▶ _Work instruction_: Only the lines below from the one containing "AI generated photography" through the one containing "Bow Pattern Knitted Sweater" belong in the answer, set down exactly, with the pictures left out.

(Beginning of Dataset extract)

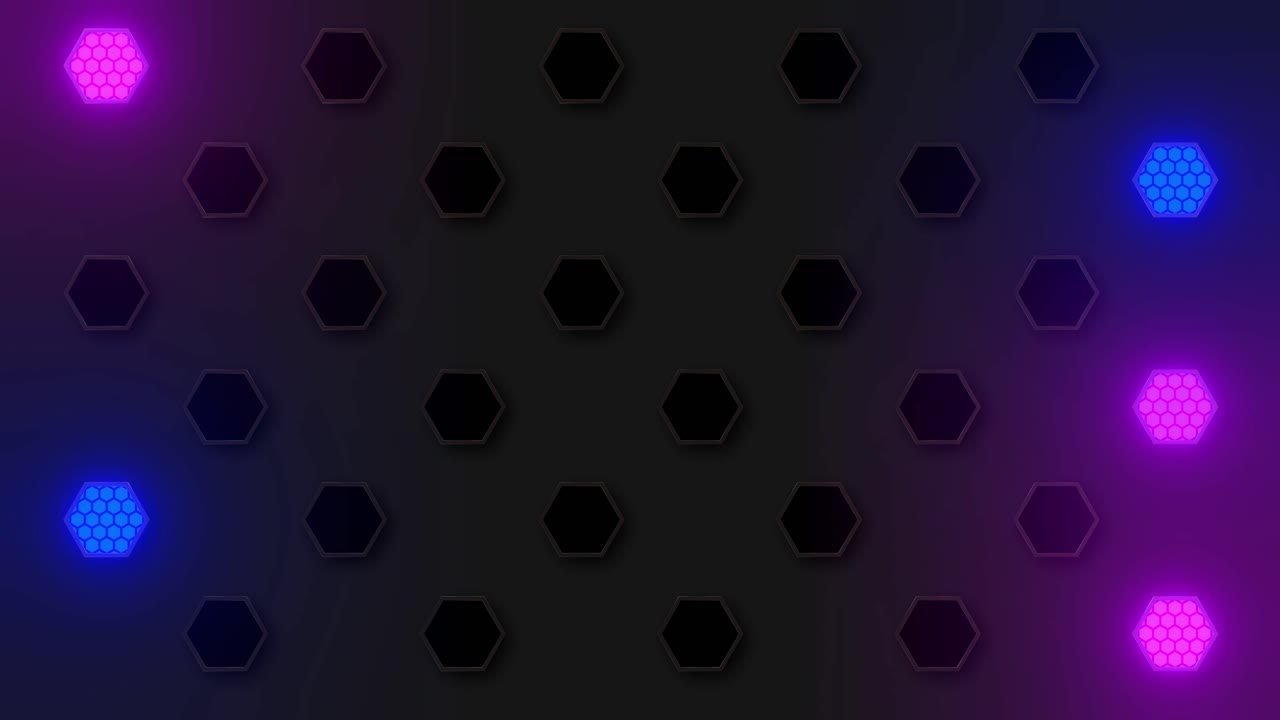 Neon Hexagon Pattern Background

(End of Dataset extract)
(Beginning of Dataset extract)

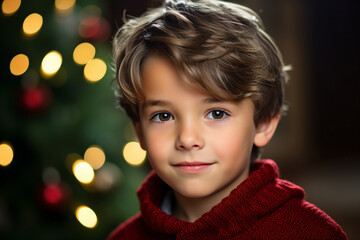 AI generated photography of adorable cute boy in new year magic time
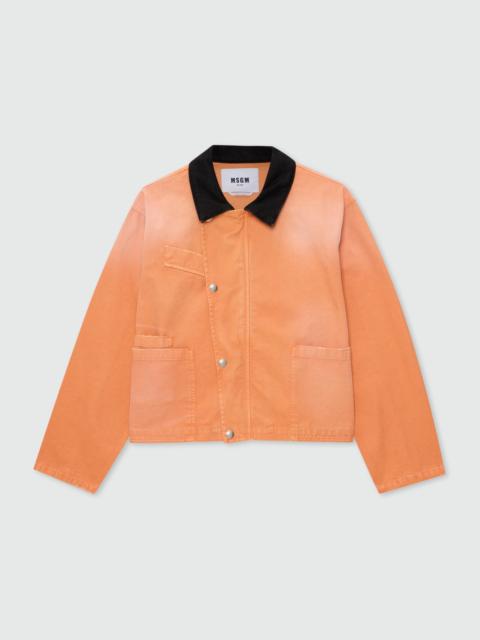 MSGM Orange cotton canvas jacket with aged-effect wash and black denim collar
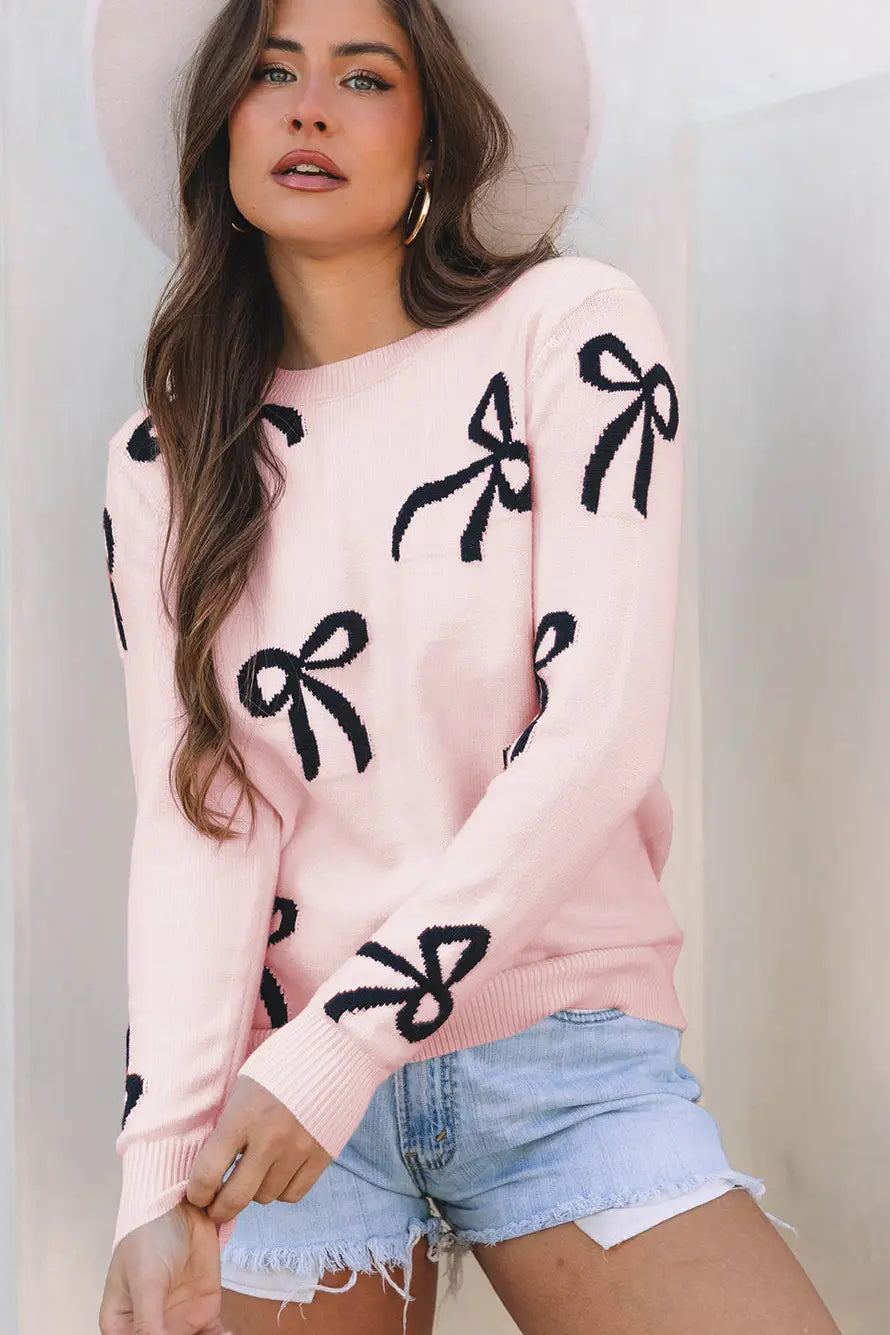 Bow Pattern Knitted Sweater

(End of Dataset extract)
(Beginning of Dataset extract)

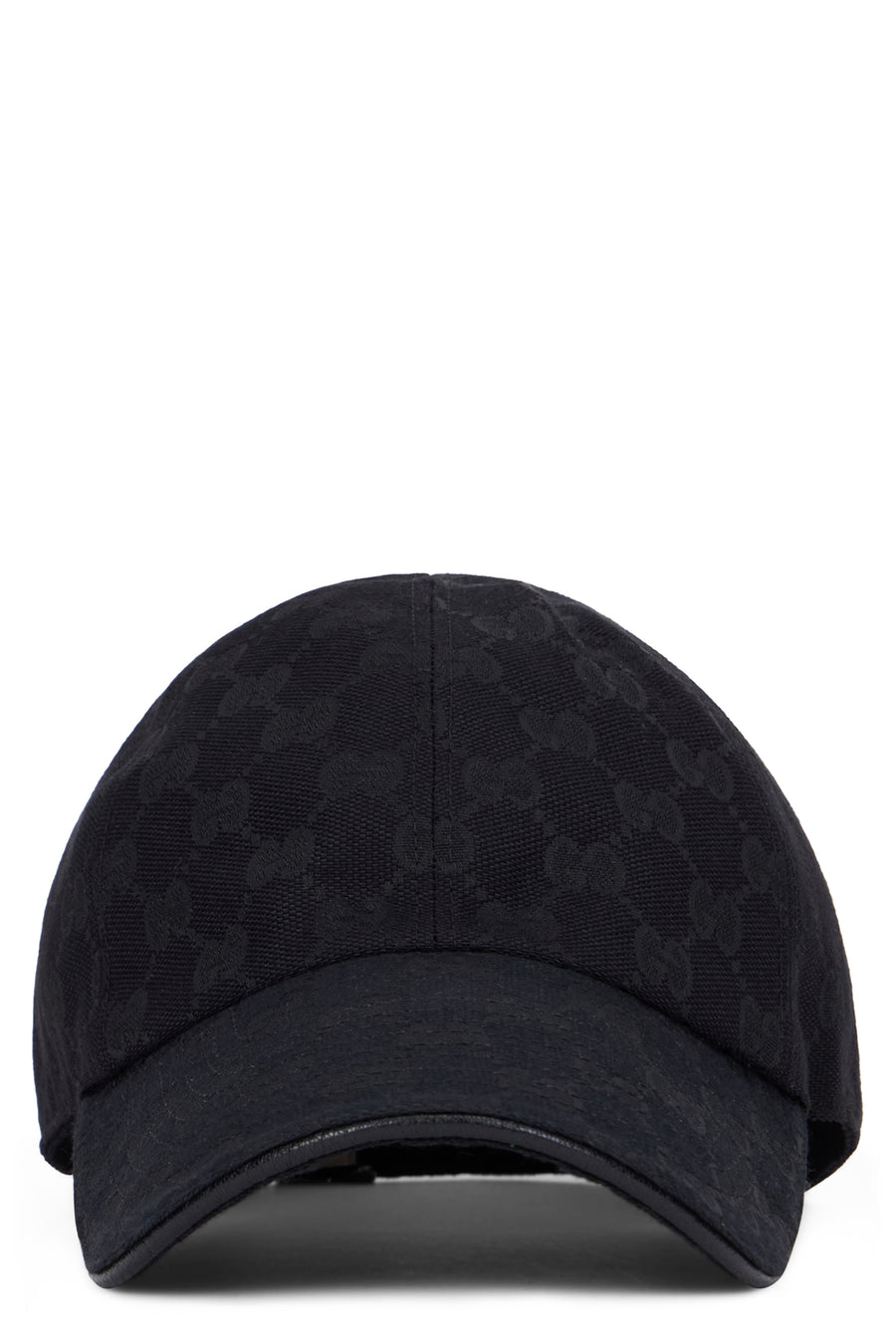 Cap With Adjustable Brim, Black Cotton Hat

(End of Dataset extract)

▶ _Exercise result_:
 AI generated photography of adorable cute boy in new year magic time
 MSGM Orange cotton canvas jacket with aged-effect wash and black denim collar
 Bow Pattern Knitted Sweater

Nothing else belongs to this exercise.